Tenant Selection in User Dialog

We added a TenantId field to Users table, but it's not defined in UserRow, and not visible in user dialog.

This field, should only be seen and edited by admin user. Other users, even if we give them access to users page to manage their tenant users, shouldn't be able to see or change this information.

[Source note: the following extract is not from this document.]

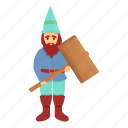 garden, gnome, hammer, adult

Let's first add it to UserRow.cs:

namespace MultiTenancy.Administration.Entities
{
    //...
    public sealed class UserRow : LoggingRow, IIdRow, INameRow
    {
        //...
        [DisplayName("Last Directory Update"), Insertable(false), Updatable(false)]
        public DateTime? LastDirectoryUpdate
        {
            get { return Fields.LastDirectoryUpdate[this]; }
            set { Fields.LastDirectoryUpdate[this] = value; }
        }

        [DisplayName("Tenant"), ForeignKey("Tenants", "TenantId"), LeftJoin("tnt")]
        [LookupEditor(typeof(TenantRow))]
        public Int32? TenantId
        {
            get { return Fields.TenantId[this]; }
            set { Fields.TenantId[this] = value; }
        }

        [DisplayName("Tenant"), Expression("tnt.TenantName")]
        public String TenantName
        {
            get { return Fields.TenantName[this]; }
            set { Fields.TenantName[this] = value; }
        }

        //...
        public class RowFields : LoggingRowFields
        {
            //...
            public readonly DateTimeField LastDirectoryUpdate;
            public readonly Int32Field TenantId;
            public readonly StringField TenantName;
            //...
        }
    }
}

To edit it, we need to add it to UserForm.cs:

namespace MultiTenancy.Administration.Forms
{
    using Serenity;
    using Serenity.ComponentModel;
    using System;
    using System.ComponentModel;

    [FormScript("Administration.User")]
    [BasedOnRow(typeof(Entities.UserRow))]
    public class UserForm
    {
        public String Username { get; set; }
        public String DisplayName { get; set; }
        [EmailEditor]
        public String Email { get; set; }
        [PasswordEditor]
        public String Password { get; set; }
        [PasswordEditor, OneWay]
        public String PasswordConfirm { get; set; }
        [OneWay]
        public string Source { get; set; }
        public Int32? TenantId { get; set; }
    }
}

Need to also increase size of user dialog a bit, in site.administration.less to make space for tenant selection:

.s-Administration-UserDialog {
    > .size { width: 650px; }
    .caption { width: 150px; }
    .s-PropertyGrid .categories { height: 470px; }
}

Now open User Management page and create a user tenant2 that belongs to Second Tenant.

Tenant2 User

After creating this user, edit its permissions and grant him User, Role Management and Permissions permission as this will be our administrative user for Second Tenant.

Logging In With Tenant2

Signout and login with user tenant2.

When you open User Management page, there may be two different cases you may experience.

In first case, tenant2 might be able to open user dialog and change his and any other users tenant. This happens if your browser cached the tenant lookup.

In the second case, you'll see that tenant2 can't open User dialog. When you click a user nothing happens.

If you check browser console (whenever such a thing occurs, you should first check browser console for errors), you'll see an error like this:

Tenant2 Logged In

This is because, our TenantRow has Administration:Tenants read permission which is inherited by lookup script.

We could change read permission for tenant lookup script to something else to resolve this error, but in that case Tenant2 would be able to see and change tenant of himself and any other user including admin.

This is not what we wanted.

Let's first prevent him seeing users of other tenants.